DATASET EXTRACT:
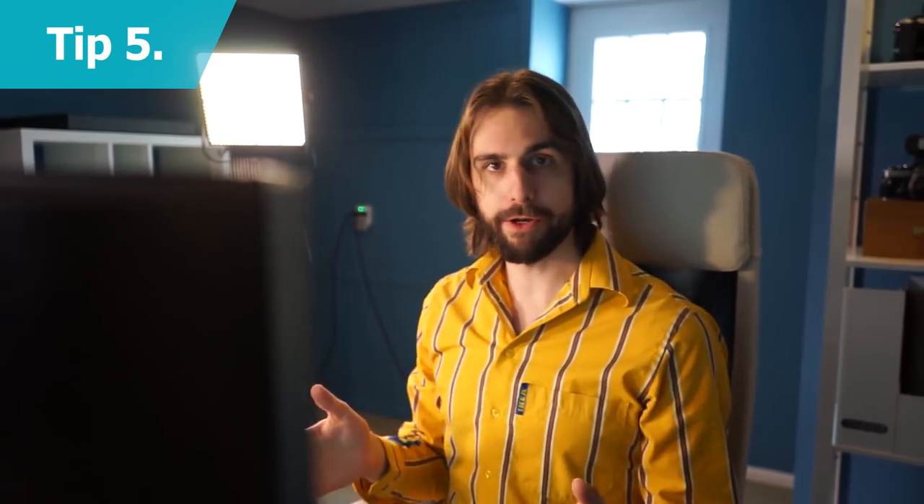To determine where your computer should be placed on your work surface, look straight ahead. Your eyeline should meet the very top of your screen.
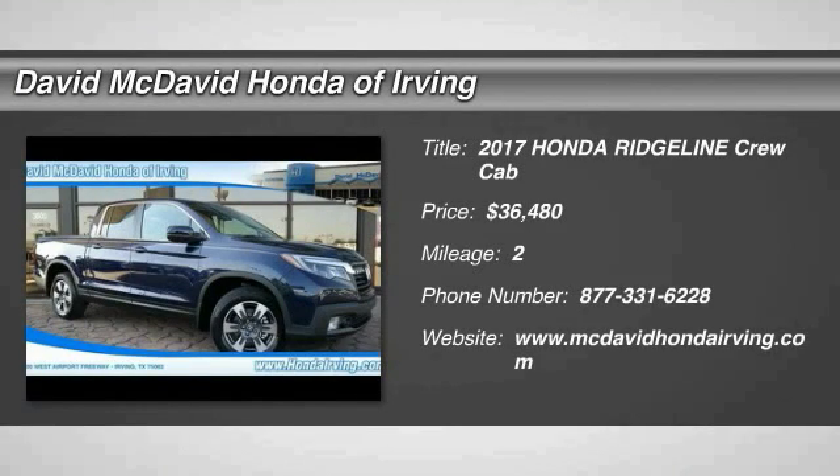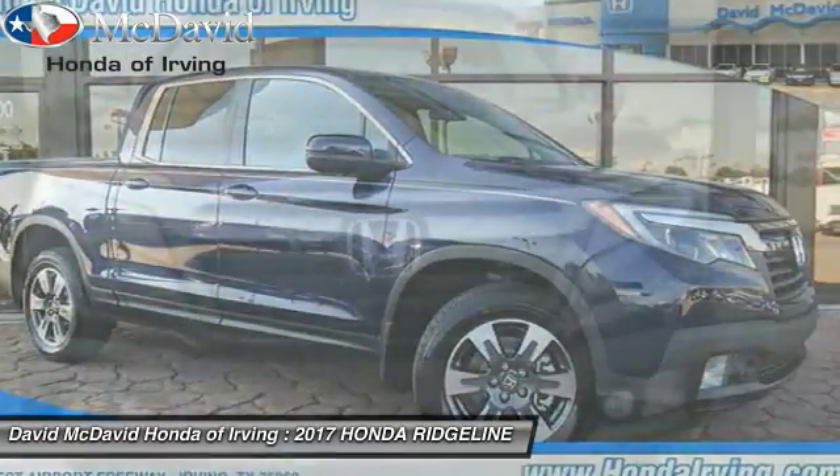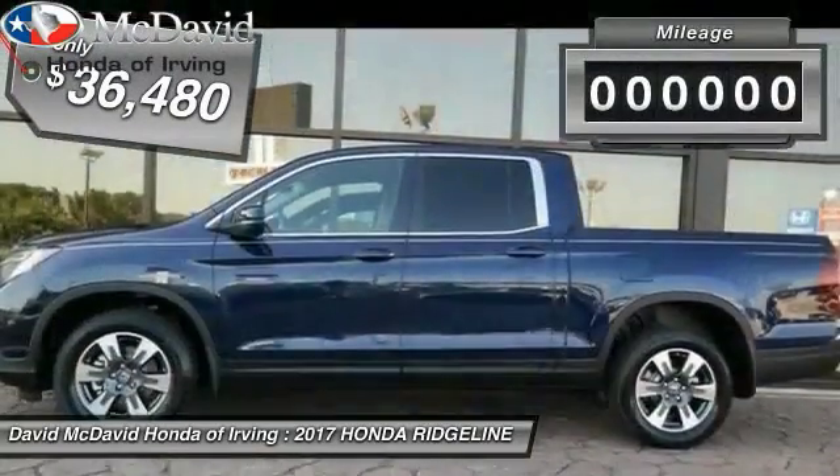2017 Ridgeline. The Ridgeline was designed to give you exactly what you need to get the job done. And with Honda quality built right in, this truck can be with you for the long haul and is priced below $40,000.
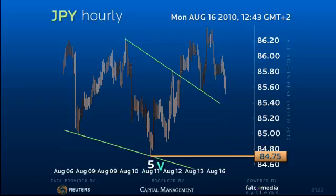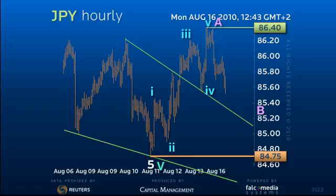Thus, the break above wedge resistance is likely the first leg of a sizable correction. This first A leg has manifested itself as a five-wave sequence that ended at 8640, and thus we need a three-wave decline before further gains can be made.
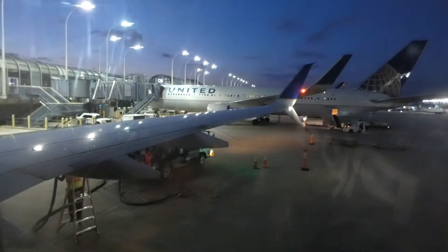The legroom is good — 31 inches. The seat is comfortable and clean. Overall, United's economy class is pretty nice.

TASK: Leaving out the pictures, restate each line of the listing above verbatim, from the opening line to the line bearing "2017 Ridgeline. The", inclusive, and no more.

EXERCISE OUTPUT:
To determine where your computer should be placed on your work surface, look straight ahead. Your eyeline should meet the very top of your screen.
2017 Ridgeline. The Ridgeline was designed to give you exactly what you need to get the job done. And with Honda quality built right in, this truck can be with you for the long haul and is priced below $40,000.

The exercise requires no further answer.